* Exercise
Set down the data below in full, exactly as it reads, but without the pictures.

Start of Records shown

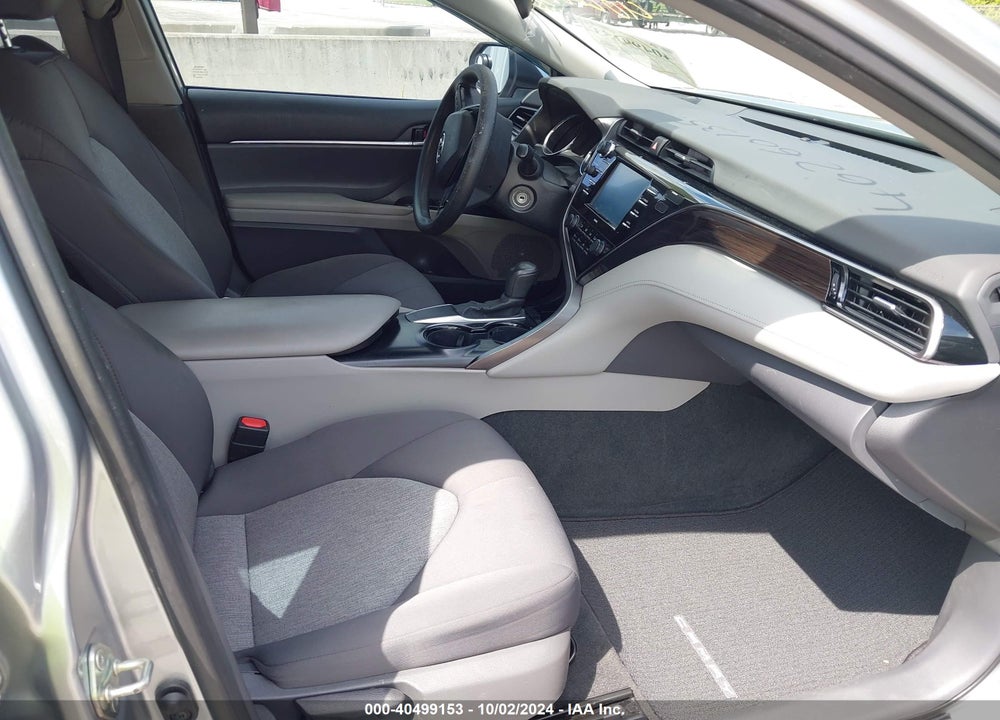 2020 TOYOTA CAMRY LE VIN: 4T1C11AK9LU959292
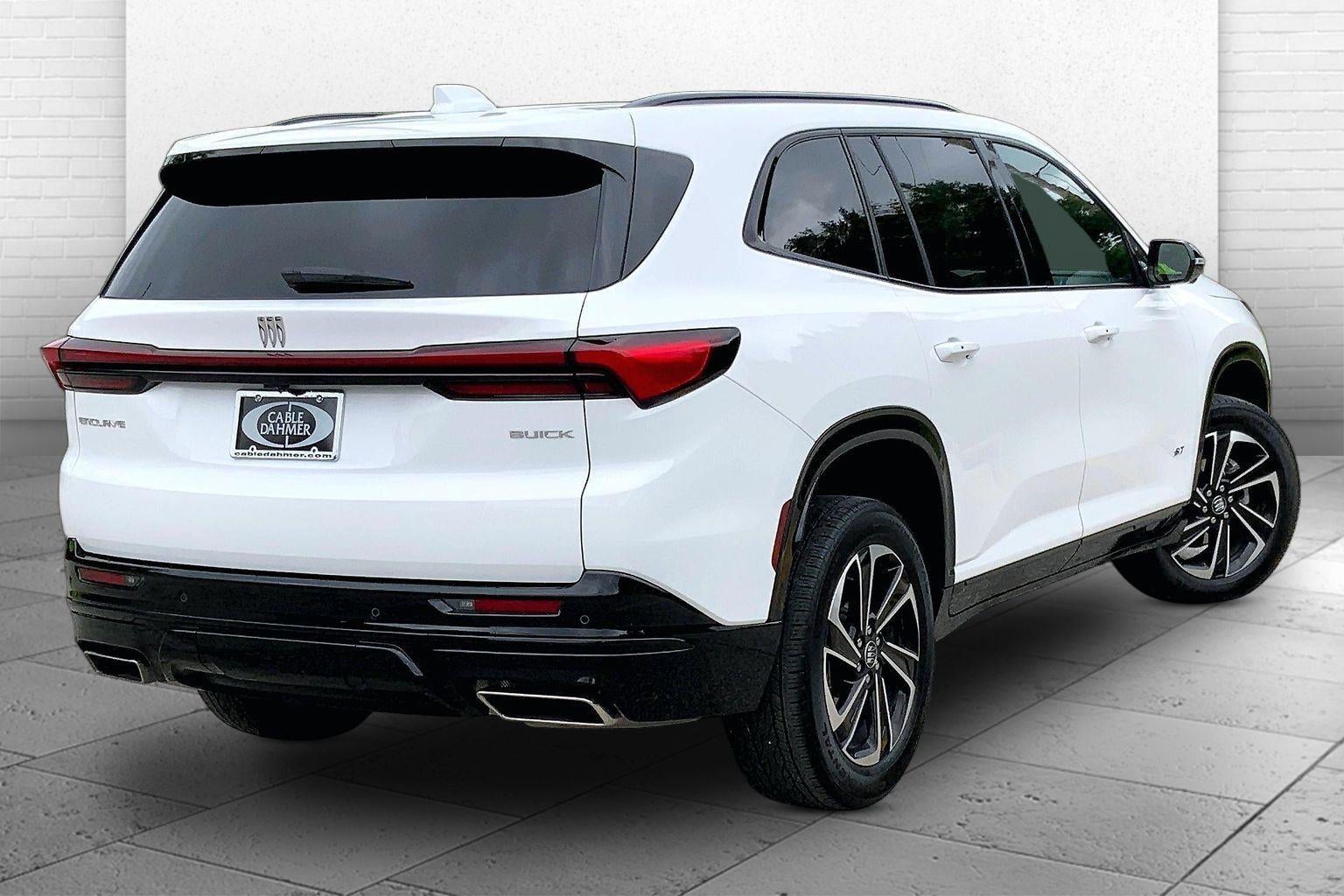 2025 Buick Enclave Sport Touring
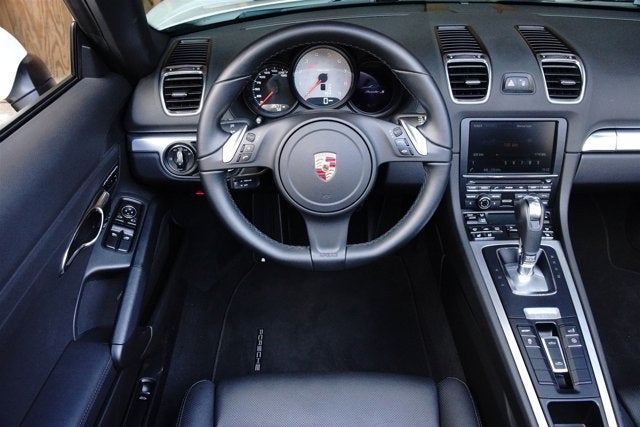 2014 Porsche Boxster S S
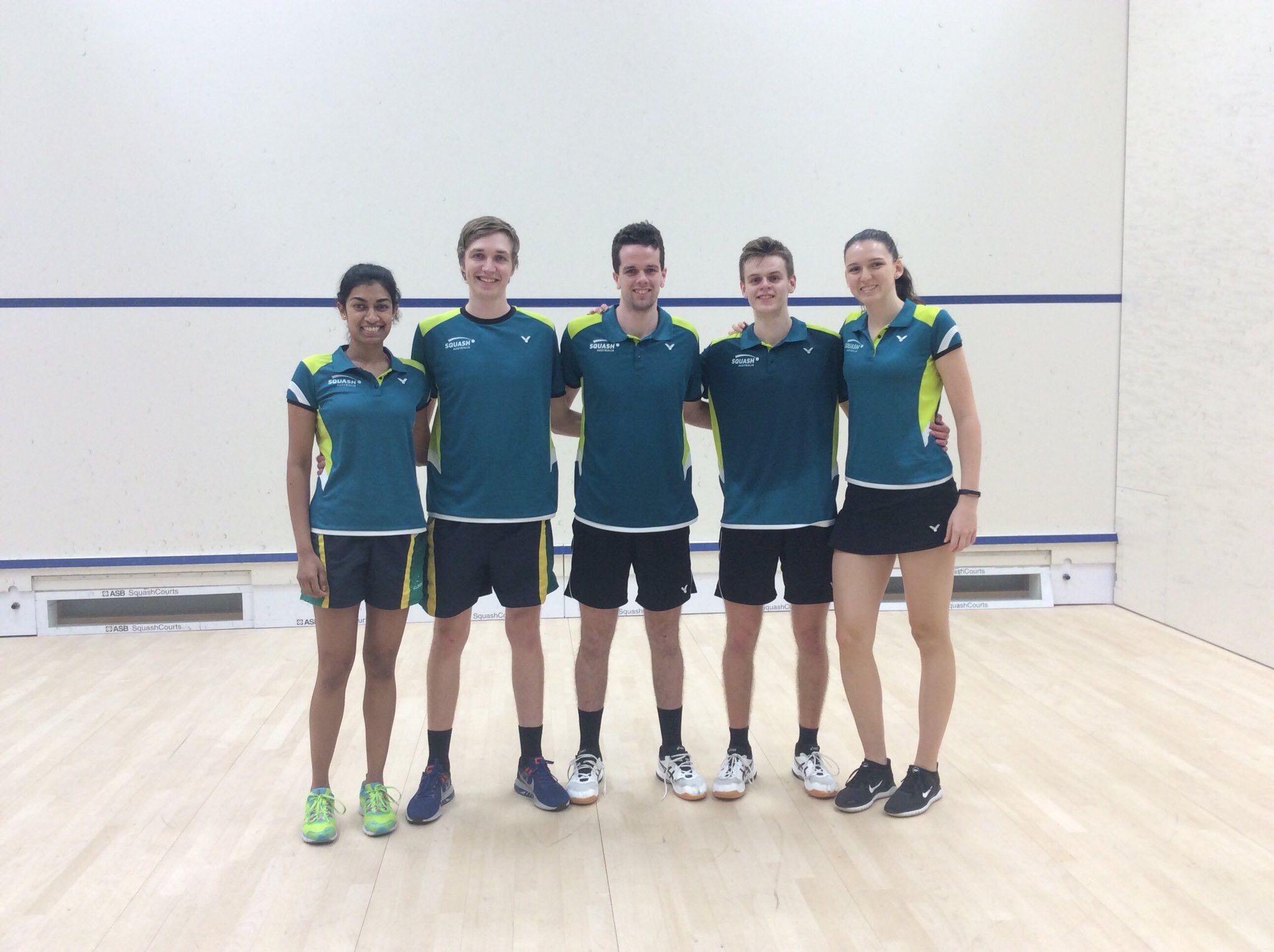 Wrap from World University Squash Championships in Birmingham - Squash ...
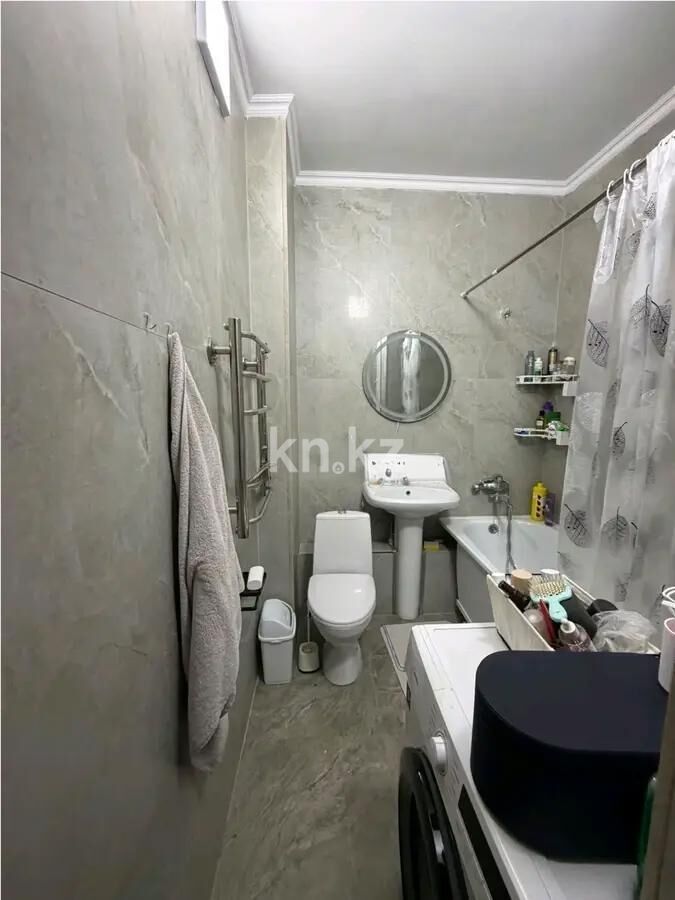 Продажа 1-комнатной квартиры, 38.5 м² - Продажа однокомнатных квартир в Бостандыкском р-не Алматы - страница 6 фото 3 из 3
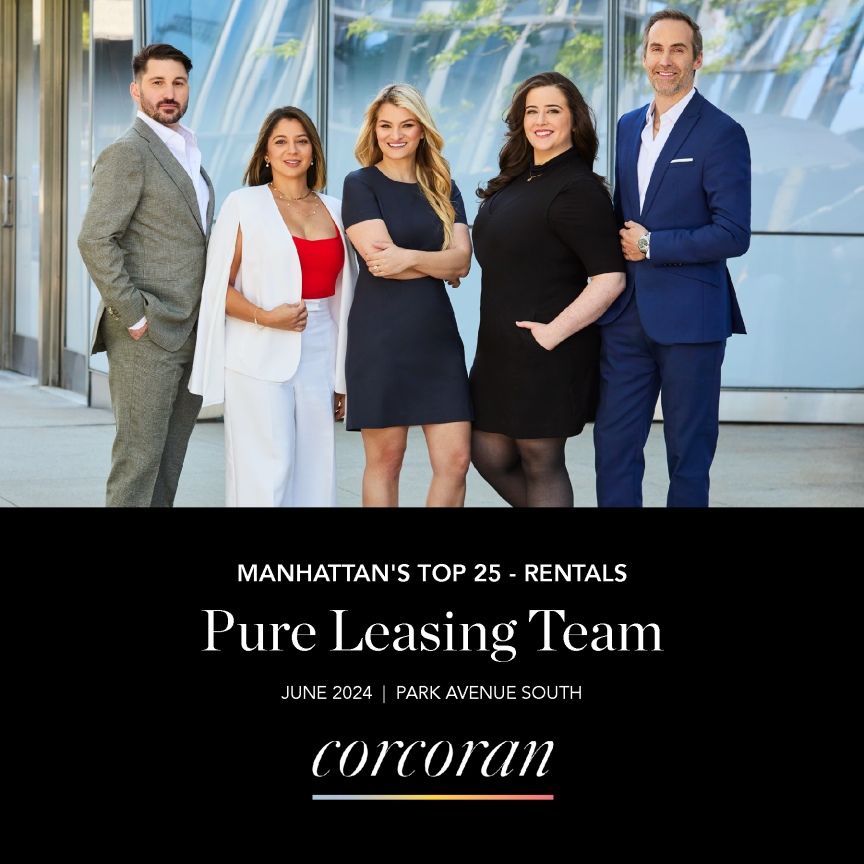 June 2024<br> Top-Ranked<br> Leasing Team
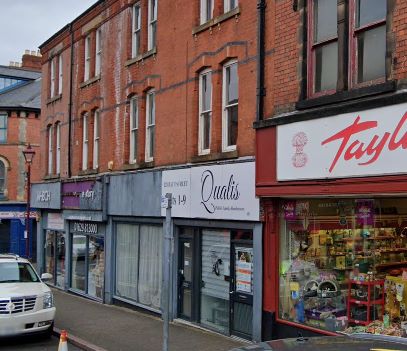 126 Bath Street, Ilkeston, Derbyshire, DE7 8FF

End of Records shown

* Your response
 2020 TOYOTA CAMRY LE VIN: 4T1C11AK9LU959292
 2025 Buick Enclave Sport Touring
 2014 Porsche Boxster S S
 Wrap from World University Squash Championships in Birmingham - Squash ...
 Продажа 1-комнатной квартиры, 38.5 м² - Продажа однокомнатных квартир в Бостандыкском р-не Алматы - страница 6 фото 3 из 3
 June 2024<br> Top-Ranked<br> Leasing Team
 126 Bath Street, Ilkeston, Derbyshire, DE7 8FF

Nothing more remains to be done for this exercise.